Not that the leadership speculation is likely to go away. Journos just love leadership challenge stories too much to allow this latest denial to be anything more than a temporary delay. We can look forward to more of the same in the weeks and months ahead, with or without John Della Bosca in the role of challenger.

The bookmaker Centrebet has had quite a large field of runners in the contest for who would be the Labor Leader when the election is finally held but took the market down this morning amidst all the confusion. The poor bookie obviously thought the newspapers actually knew something he didn’t! I’m sure it will be back up soon enough and probably not much different to what it was yesterday when this Crikey NSW Leadership Election Indicator was calculated.

As for the election result itself, the Liberal-National Coalition remains a firm favourite with a probability of 70% to9 Labor’s 30%.
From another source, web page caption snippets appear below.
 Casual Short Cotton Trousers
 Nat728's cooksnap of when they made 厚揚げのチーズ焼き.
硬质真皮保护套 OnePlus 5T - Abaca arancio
Climate change problems. Prime Minister Kevin Rudd’s recent off-the-record but overheard, and thus reported, pessimism about a climate change agreement being reached in Copenhagen is looking more and more realistic by the day. This morning comes news that a key group of US Democrat Senators representing coal mining and manufacturing industry states have written to President Barack Obama saying they would not support any climate change bill that did not protect American industries from competition from countries that did not impose similar restraints on climate-altering gases.
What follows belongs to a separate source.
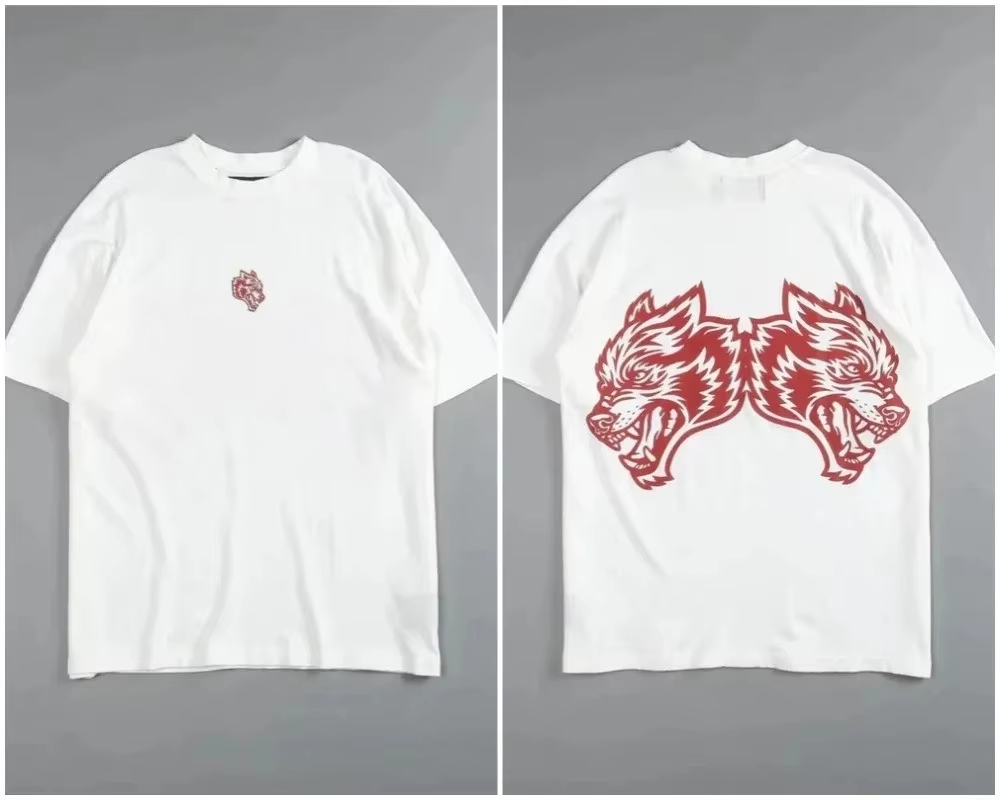 Kaos Retro Black Wolf Head Hig - Streetwear Brand Marketing ulasan dan harga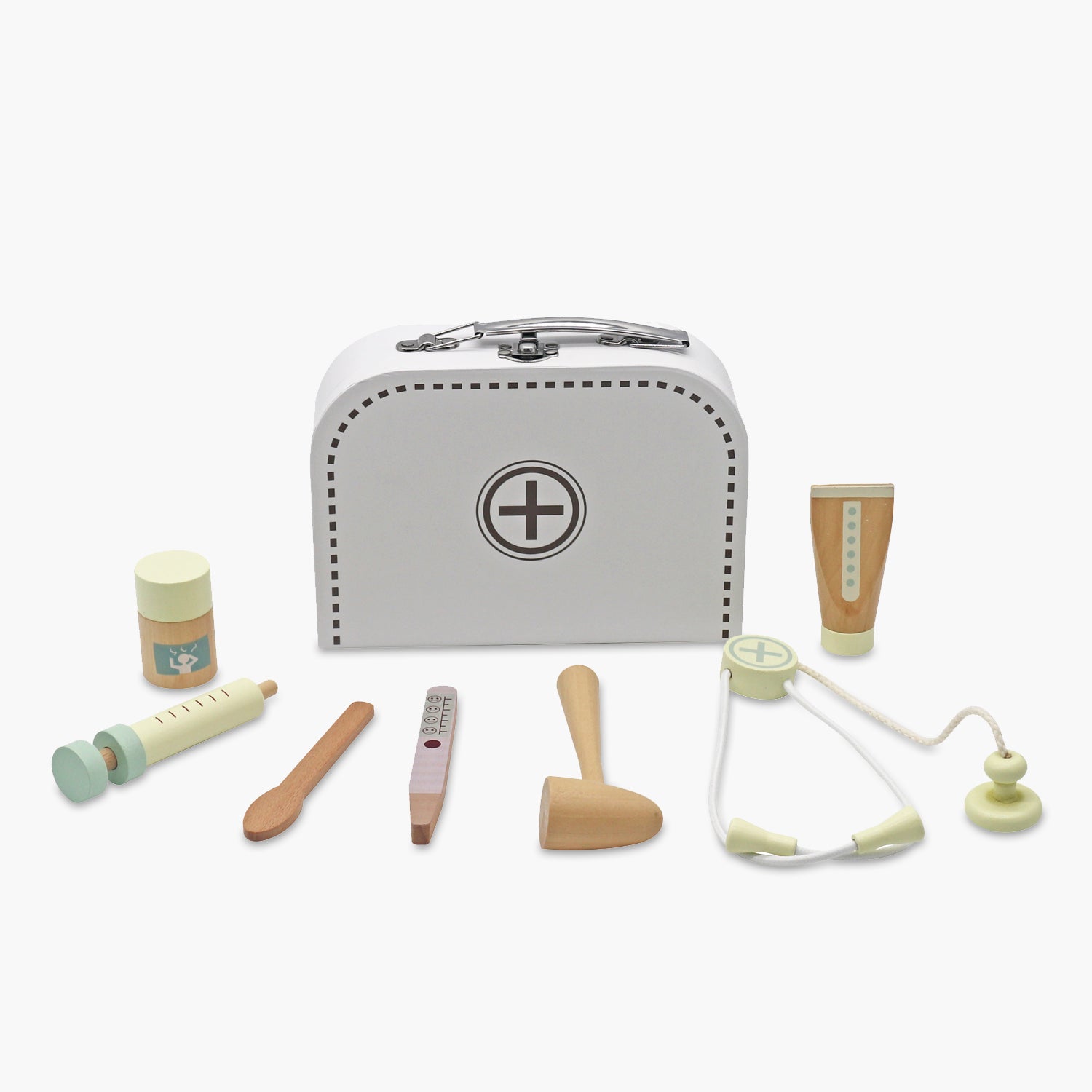 Maletín de Doctor Blanco con accesorios de Madera - Form Design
This follows scepticism expressed reported overnight from China, the world’s biggest carbon- dioxide polluter, at the cost and effectiveness of extracting greenhouse gases from hundreds of coal plants and storing them underground. Bloomberg reported Su Wei, director-general of the climate-change unit at China’s National Development and Reform Commission, saying “carbon capture and storage, particularly for China, is not one of the priorities — the cost is an issue. If we spent the same money for CCS on energy efficiency and the development of renewables, it would generate larger climate-change benefits.”